» **Input material**:
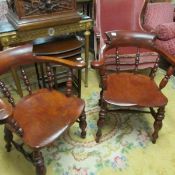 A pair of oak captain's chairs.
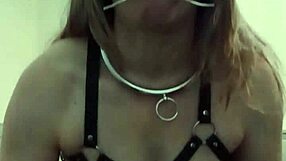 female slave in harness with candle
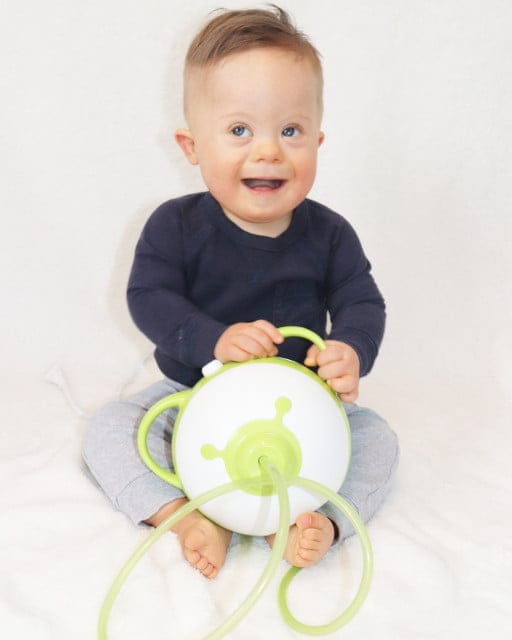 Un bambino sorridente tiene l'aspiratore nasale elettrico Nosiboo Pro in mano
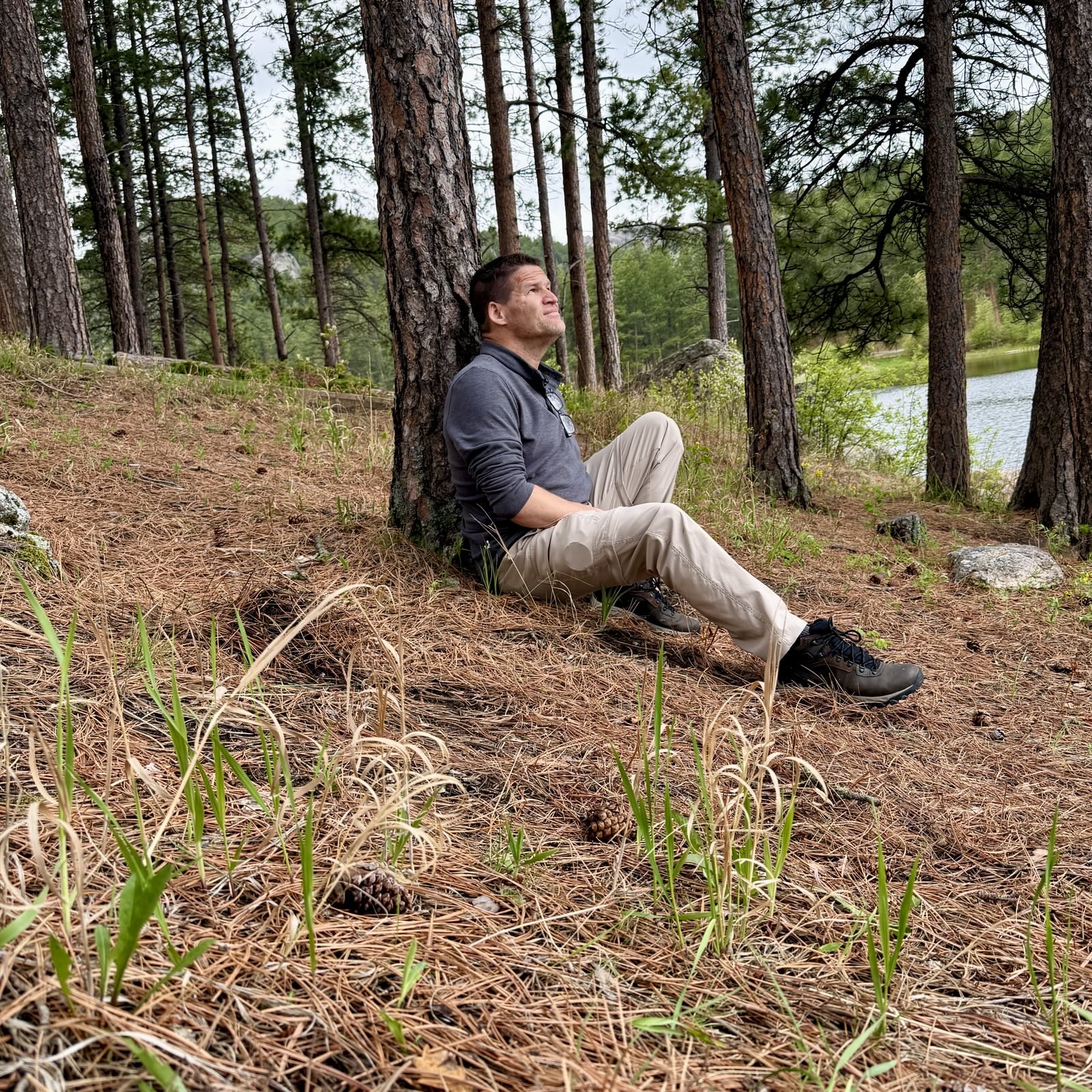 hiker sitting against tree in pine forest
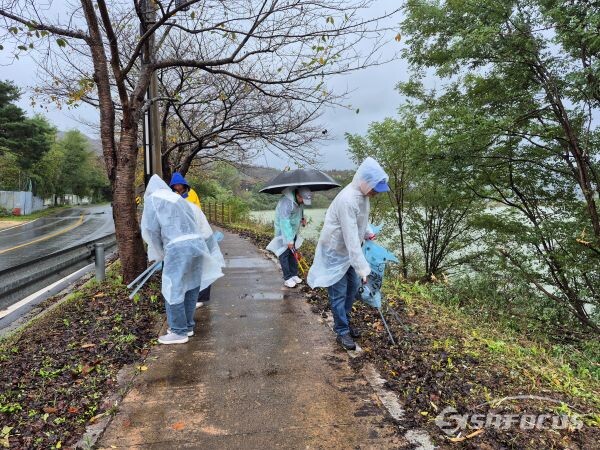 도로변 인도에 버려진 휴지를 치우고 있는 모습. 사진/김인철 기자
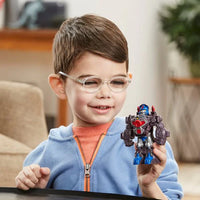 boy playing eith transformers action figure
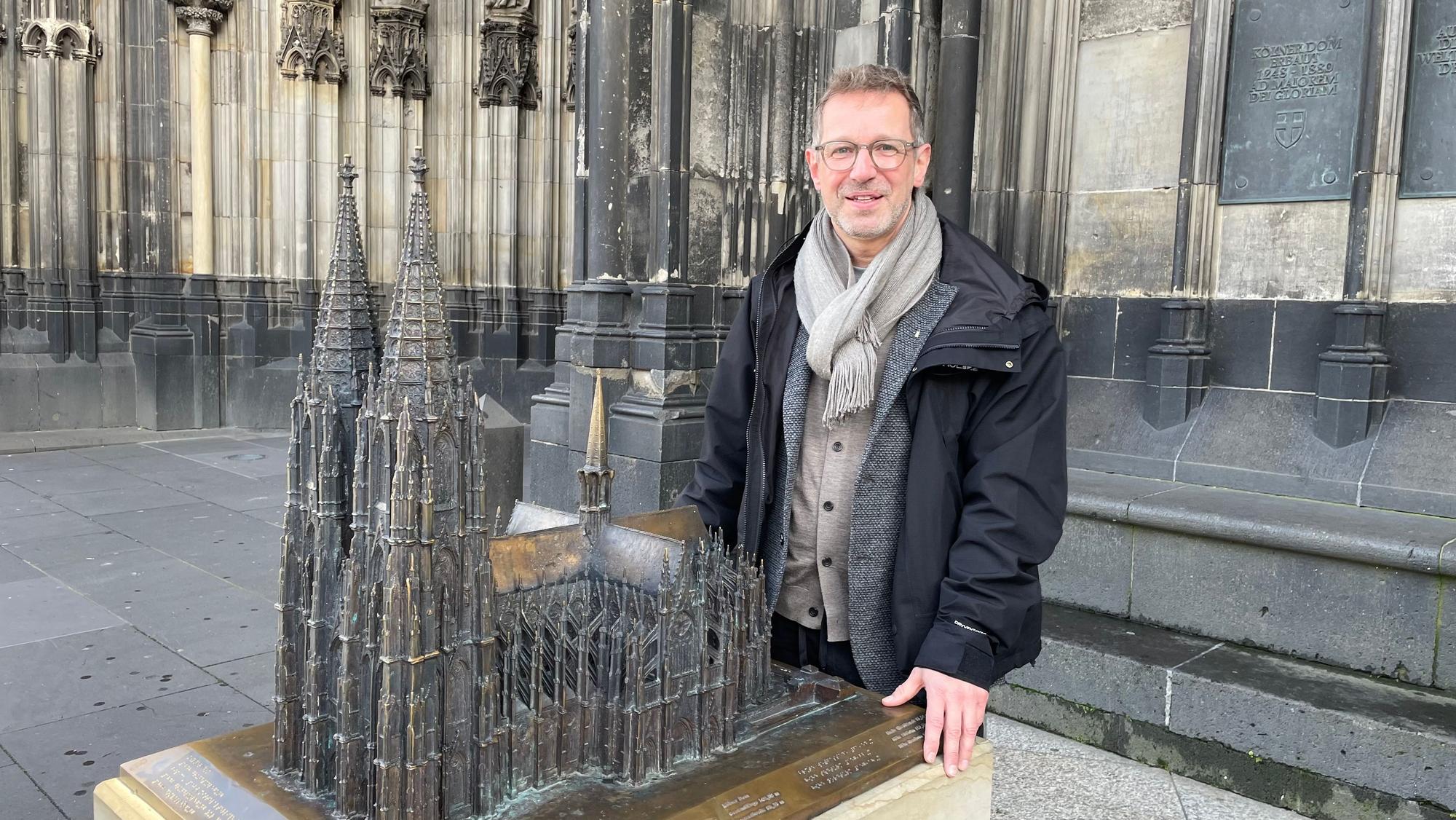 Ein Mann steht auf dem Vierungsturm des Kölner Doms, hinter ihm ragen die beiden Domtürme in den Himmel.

» **Task requirements**:
Extract exactly the lines from the one containing "female slave in harness with candle" through the last line of the records above, both included, and leave out the pictures.

» **Output for this exercise**:
 female slave in harness with candle
 Un bambino sorridente tiene l'aspiratore nasale elettrico Nosiboo Pro in mano
 hiker sitting against tree in pine forest
 도로변 인도에 버려진 휴지를 치우고 있는 모습. 사진/김인철 기자
 boy playing eith transformers action figure
 Ein Mann steht auf dem Vierungsturm des Kölner Doms, hinter ihm ragen die beiden Domtürme in den Himmel.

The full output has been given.